→ **Assigned task**
Leave out every picture, and return exactly the lines from the line containing "alongar as pernas" through the end of the records below, both inclusive.

══ Records shown ══

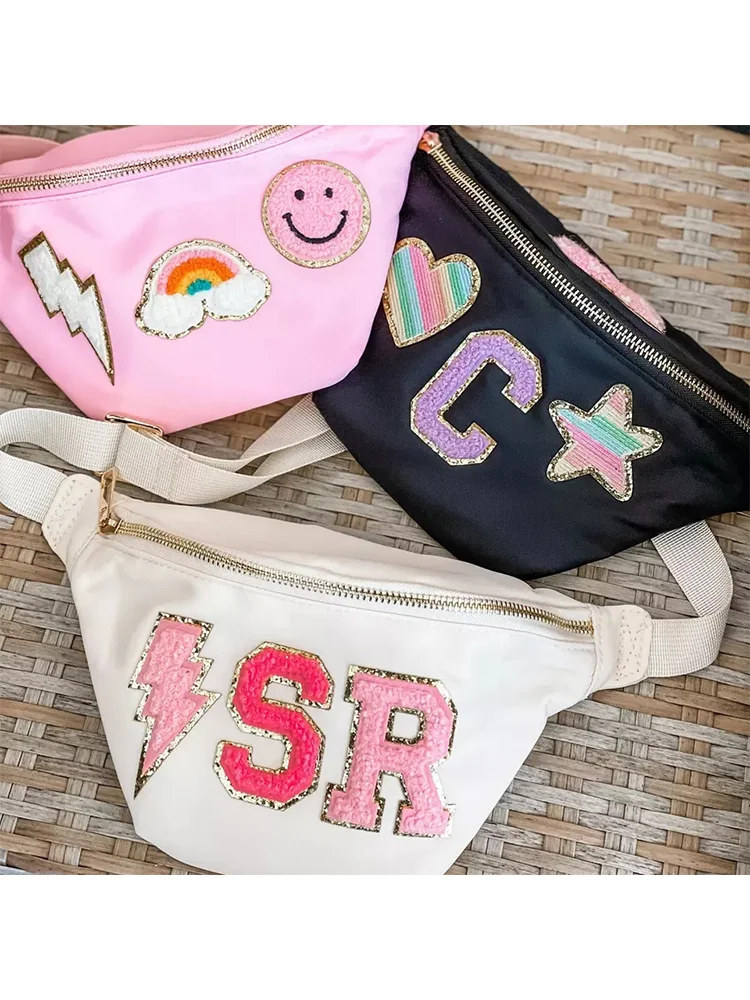 

Colorful Nylon Belt Bag Waterproof Fanny Pack with Metal Hardware For Girl Women Sports Traveling Workout Fashionable Fanny Pack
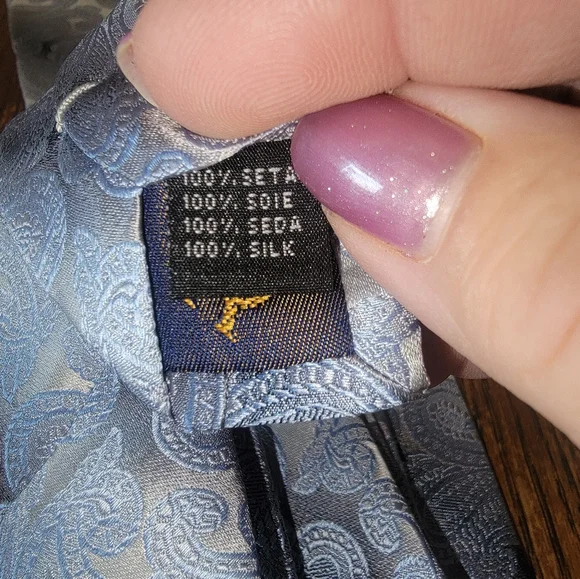 Mens Silk Valerio Garati Hand Made Tie Blue Silver - Picture 2 of 7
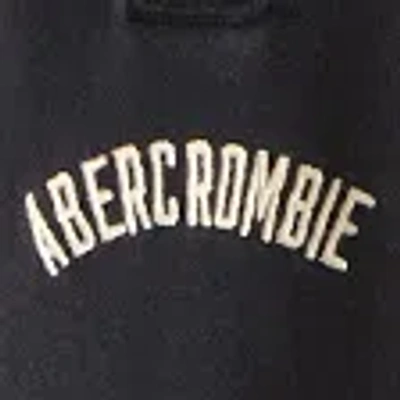 Abercrombie & Fitch Straight Open-hem Logo Sweatpant In Black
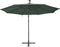 vidaXL - Zweefparasol - met - LED-verlichting - en - metalen - paal - 300 - cm - groen
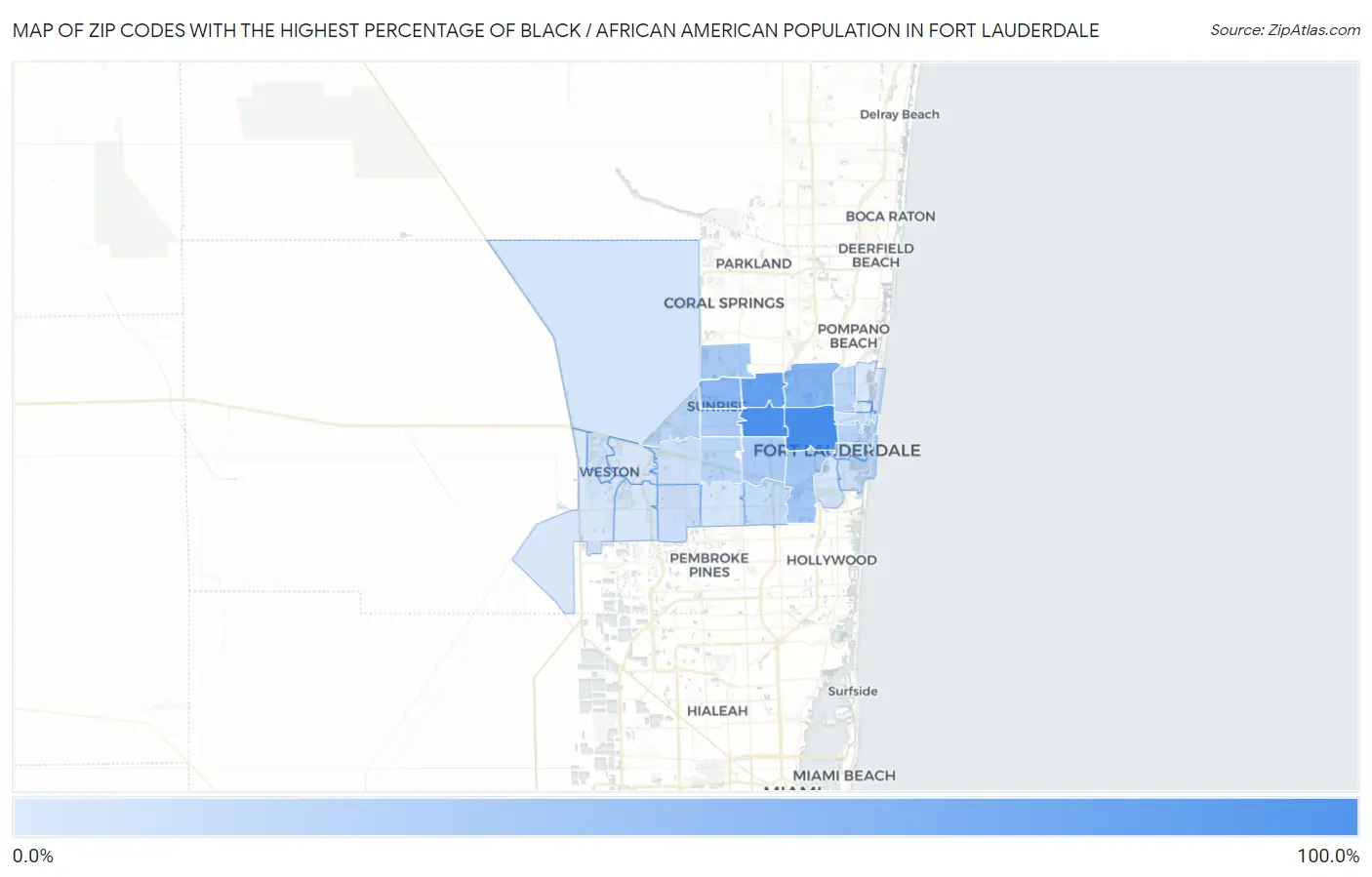 Zip Codes with the Highest Percentage of Black / African American Population in Fort Lauderdale Map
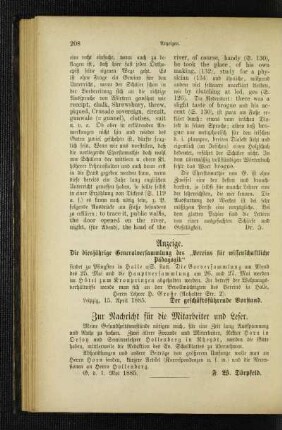 Anzeige : die diesjährige Generalversammlung des "Vereins für wissenschaftliche Pädagogik"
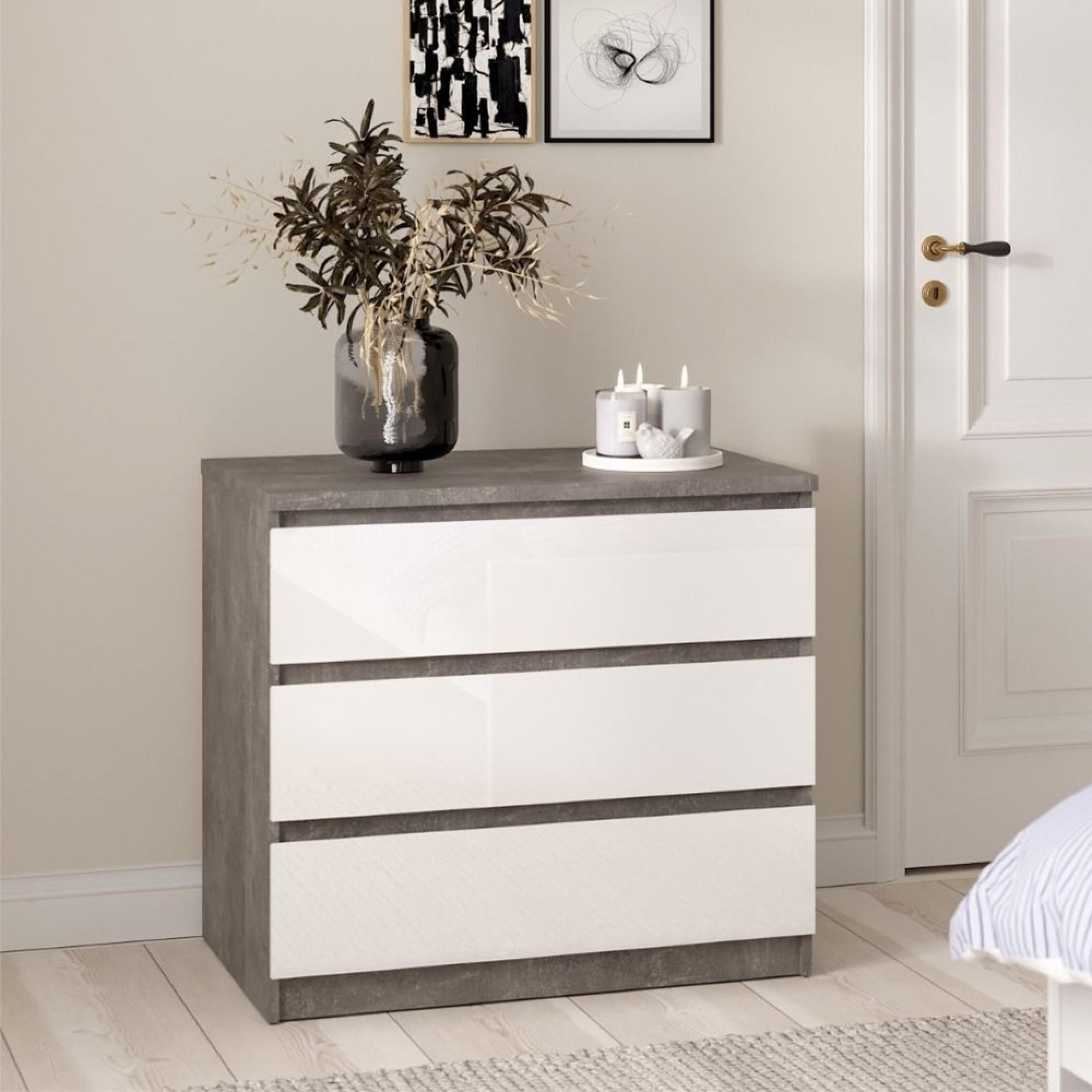 Naia Chest - 3 Drawer - Small - Grey Concrete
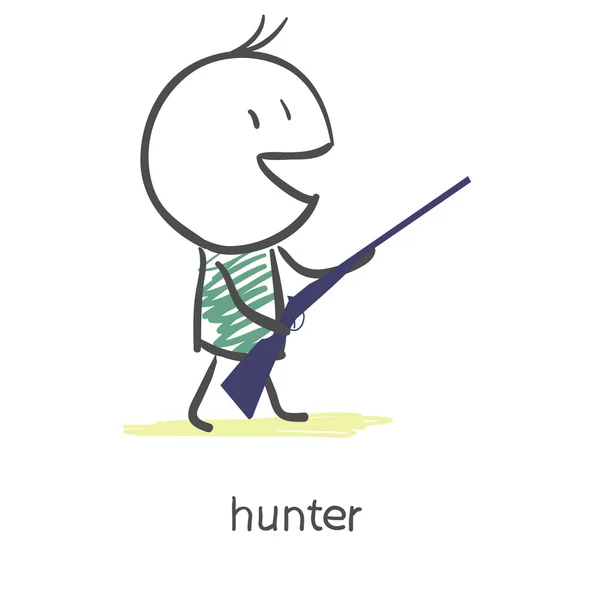 Cartoon hunter — Stockvector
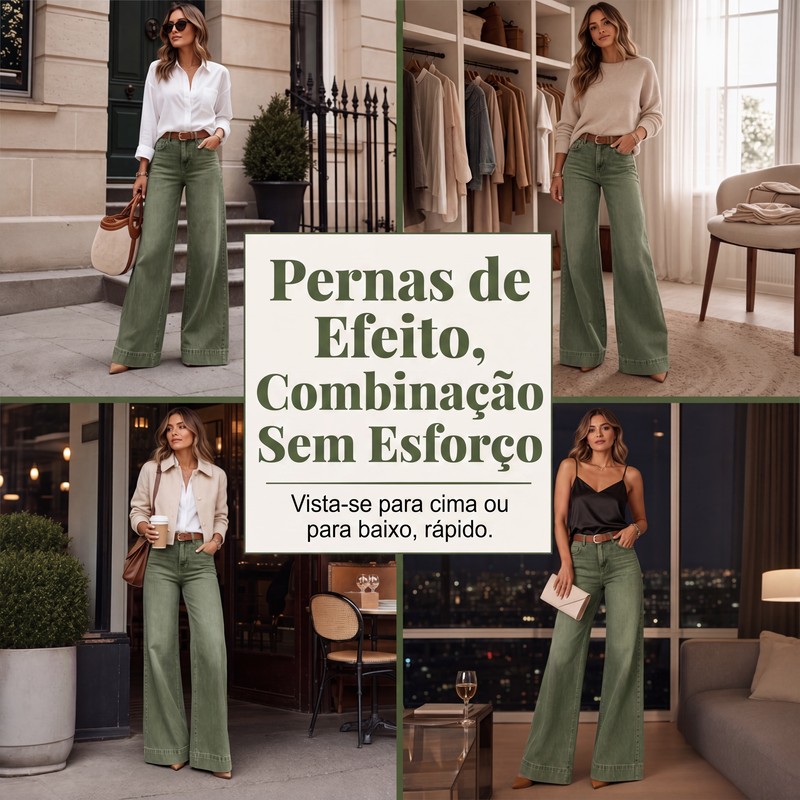 ✨Calças jeans de perna larga com efeito de alongar as pernas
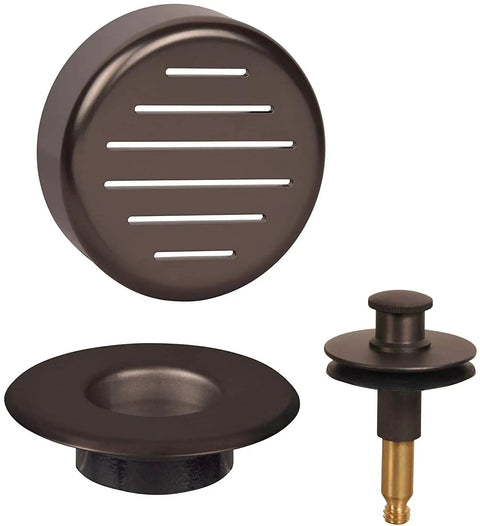 Tub Drain Trim Kit With Push eN Lift Stopper, High Capacity Overflow Plate, And Press In Strainer Cover In Oil Rubbed Bronze
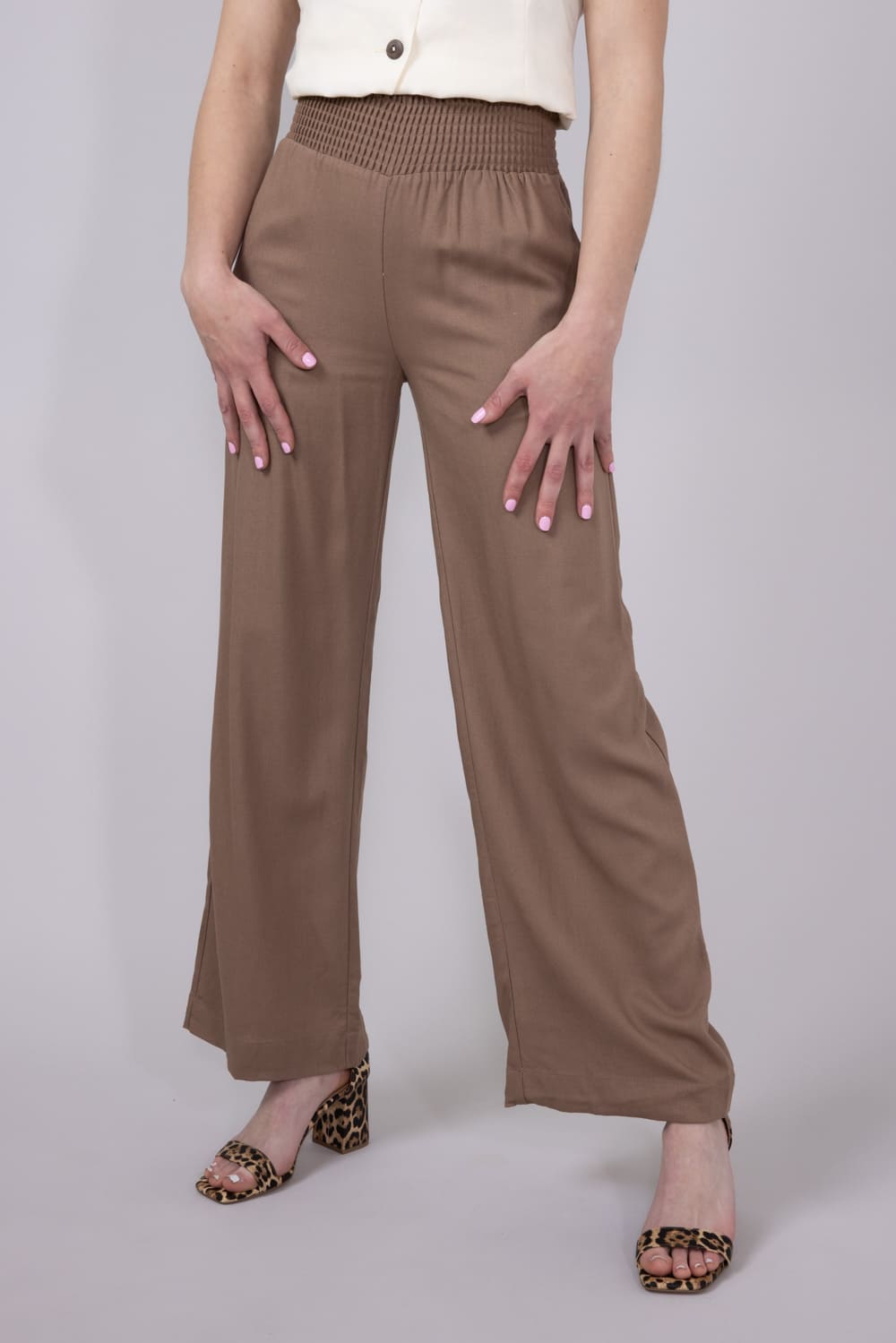 Love Tree Smocked Waist Linen Pants for Women in Mocha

═══

→ **Response area**
 ✨Calças jeans de perna larga com efeito de alongar as pernas
 Tub Drain Trim Kit With Push eN Lift Stopper, High Capacity Overflow Plate, And Press In Strainer Cover In Oil Rubbed Bronze
 Love Tree Smocked Waist Linen Pants for Women in Mocha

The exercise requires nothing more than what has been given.